Meeting of the Parliament 09 December 2025
They are illegal on pavements, but they are actually legal on roads. If you look at the “Highway Code”, which I have looked at carefully, you will see that they can go wherever a bicycle can go, and bicycles are legal on our roads. Of course, bicycles are in the same boat—you do not need a licence to have an ordinary bike. I ask the member simply to look at that.
However, I absolutely do not dispute that they are a menace, not just because of their speed but because of the way that they are driven. Much depends on defensive driving by motorists to evade them when they are weaving in and out of traffic. The riders deliberately make themselves menacing—macho, if you like—by being dressed in black. That adds another problem: apart from all the other problems, you cannot see them.
Most of the time—and sometimes for other cyclists—it is almost impossible to see them until you are just about upon them, quite apart from the weaving in and out. Even a cyclist, under the “Highway Code”, is supposed to have a front light and, at the back, not just a reflector light but a red flashing light so that they can be seen. Many of the e-bikes do not have that. I would start, therefore, with simple, practical things such as licensing and so on, and enforcing the requirements in the “Highway Code”.

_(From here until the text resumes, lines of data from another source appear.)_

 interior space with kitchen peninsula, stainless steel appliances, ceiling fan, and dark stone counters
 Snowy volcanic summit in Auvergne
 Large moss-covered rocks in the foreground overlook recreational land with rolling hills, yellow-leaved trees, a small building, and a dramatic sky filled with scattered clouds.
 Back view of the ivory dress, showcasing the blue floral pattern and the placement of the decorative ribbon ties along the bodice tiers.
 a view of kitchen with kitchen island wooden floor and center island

Obviously policing helps, but I have concerns about that approach. Again, I make the point that it might be all right in town centres, but you will come across these vehicles when you are driving along the Portobello Road or coming through Holyrood park, and you cannot expect police to be on patrol all the time. The vehicles are not just there; they are delivering for various food chains and so on, so we have to consider the issue everywhere.

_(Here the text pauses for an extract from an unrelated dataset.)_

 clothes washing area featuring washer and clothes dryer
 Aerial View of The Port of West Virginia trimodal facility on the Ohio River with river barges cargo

I will be interested to hear what the minister has to say about how the police are tackling the issue, but I would also like to know whether the Scottish Government is in conversation with the UK Government—this is not a hostile point, or a matter of what is or is not devolved—about how we can strengthen the requirements for the owners of these vehicles to have a licence; to be registered, taxed and insured; and to have an MOT, which every one of us with a vehicle needs to have. That would be a start.